▶ _WHAT TO PRODUCE_
Retype only the lines below from the one with "Swimming Pool of Maldive Island Kandooma" to the one with "COVERGIRL, Clean Matte", inclusive, skipping every image.

▶ _DATA FOR THE TASK_
________________________

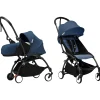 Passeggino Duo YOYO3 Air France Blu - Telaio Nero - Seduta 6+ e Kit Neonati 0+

________________________

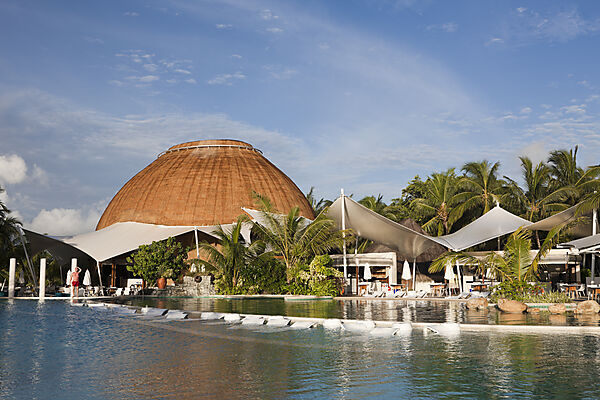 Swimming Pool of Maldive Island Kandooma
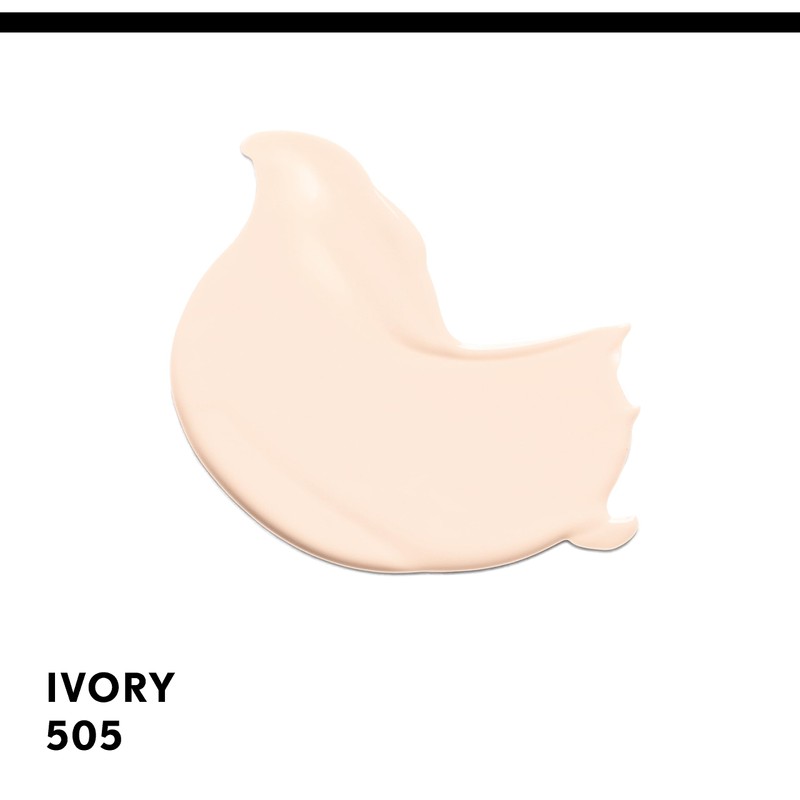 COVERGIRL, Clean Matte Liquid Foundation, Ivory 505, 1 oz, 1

________________________

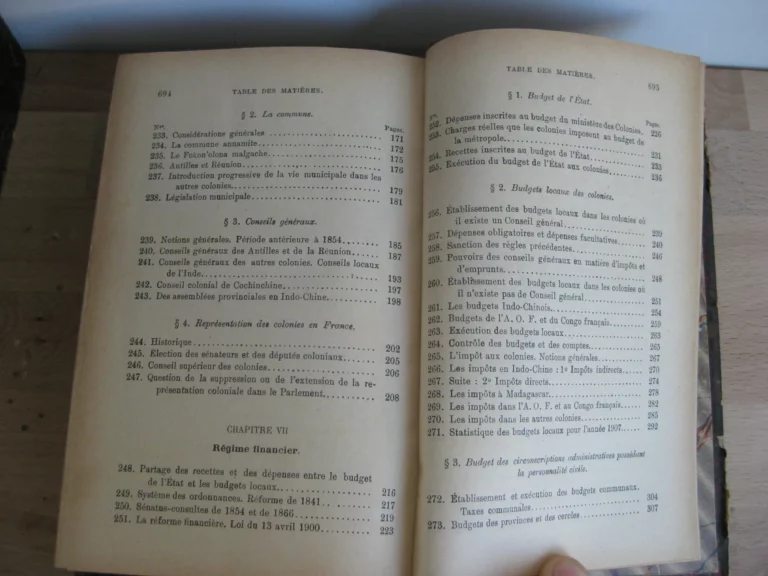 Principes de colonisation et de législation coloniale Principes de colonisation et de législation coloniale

________________________

▶ _OUTPUT FOR THIS TASK_
 Swimming Pool of Maldive Island Kandooma
 COVERGIRL, Clean Matte Liquid Foundation, Ivory 505, 1 oz, 1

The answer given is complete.